Apps were supposed to have died, yet keep powering Apple's mobile ecosystem to the tune of half a trillion dollars next year.
Remember when apps died? Apparently someone forgot to tell Apple. By Asymco analyst Horace Dediu's reckoning, the iOS ecosystem generated some $380 billion in 2017 and should top half a trillion in revenue by 2019. Of course, not all of that is apps: A "mere" $35 billion or so each year, growing roughly $5 billion every year.
Despite all the problems with apps (for both developers and consumers), they keep rising in importance. Why?
A box office smash
Apple's App Store, its biggest chunk of Services revenue, now generates more revenue than the entire film industry, as Dediu highlighted. That's right, however much you and millions of other people liked watching Coco, The Last Jedi, or other movies, you actually liked buying apps even more (probably at the theater during the boring bits with Luke and Rey on Ahch-To).
SEE: Mobile app development policy (Tech Pro Research)
Nor should we confine our count of app revenues to paid-for apps. Far more revenue is generated by apps that may be free (like Orbitz), but which sell services through the app. While it's hard to pin down a number for such economic activity, Dediu pins it at roughly $180 billion last year, with another $200 billion in hardware sales (which are, in turn, driven by the quality of the app experience).
To date, the heart of the app economy is Apple, which generates the most revenue (and definitely profit) from it. How much? Roughly $500 billion by 2019, according to Dediu.

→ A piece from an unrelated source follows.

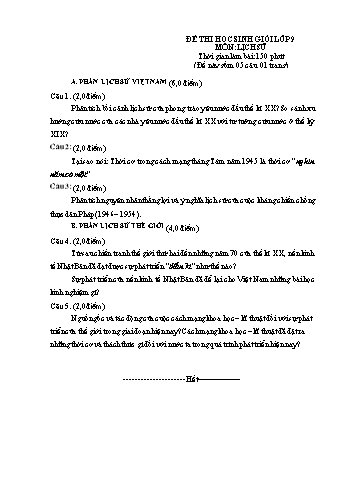 Đề thi chọn học sinh giỏi môn Lịch sử Lớp 9 - Đề 4 (Có đáp án)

And yet it wasn't supposed to be like this.
Whither the web?
Remember how developers were going to revolt en masse and build web apps? Intercom called for an end to app stores back in 2016, declaring that apps would become "systems" that deeply embed services, killing off the walled-garden app. It hasn't happened. Intercom more recently pointed to the web activity of Uber, Flipboard, and others that are increasingly building desktop web apps, as a sign that screens were the key, not mobile apps. Yet consumers continue to fixate on mobile apps, not those useful but not critical web apps.
Oh sure, apps have started to be more porous, and many popular apps (like Facebook) are essentially websites successfully masquerading as native apps. But there's a reason the app idea must be aped: It's what consumers want.

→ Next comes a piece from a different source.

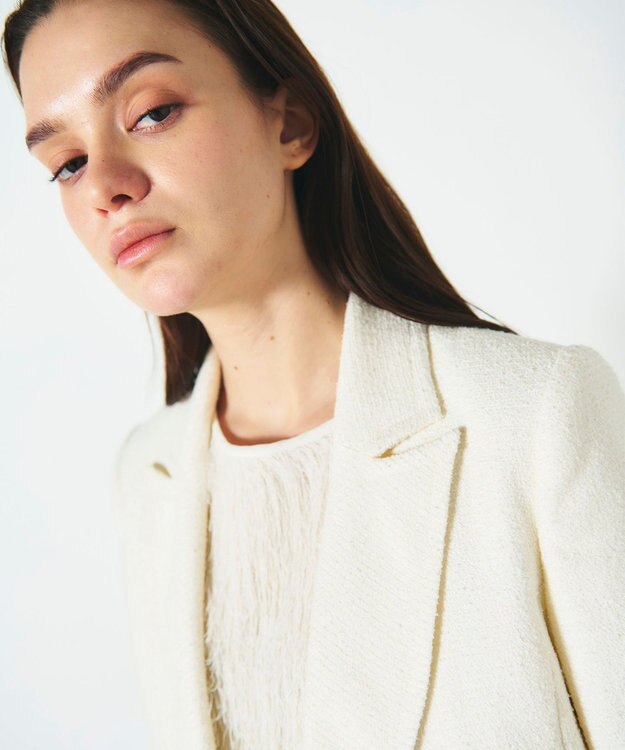 GRACE CONTINENTAL ツイードテーラージャケット ホワイト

SEE: Apple's first employee: The remarkable odyssey of Bill Fernandez (PDF download) (TechRepublic cover story)
Not always, of course. If I'm a casual consumer of a certain hotel chain, for example, that travel company needs to ensure I can get a high-quality mobile web experience. For my more committed customers, however, I'm going to want to give them mobile room keys, quick access to their frequent traveler account, etc. in the app. It all depends on what the customer wants, and where.
Apps remain a key requirement for consumers, one that generates roughly $100 million every day in Apple App Store revenues. Let's therefore stop pretending that the app apocalypse is just around the corner. It's not. Apps are here to stay.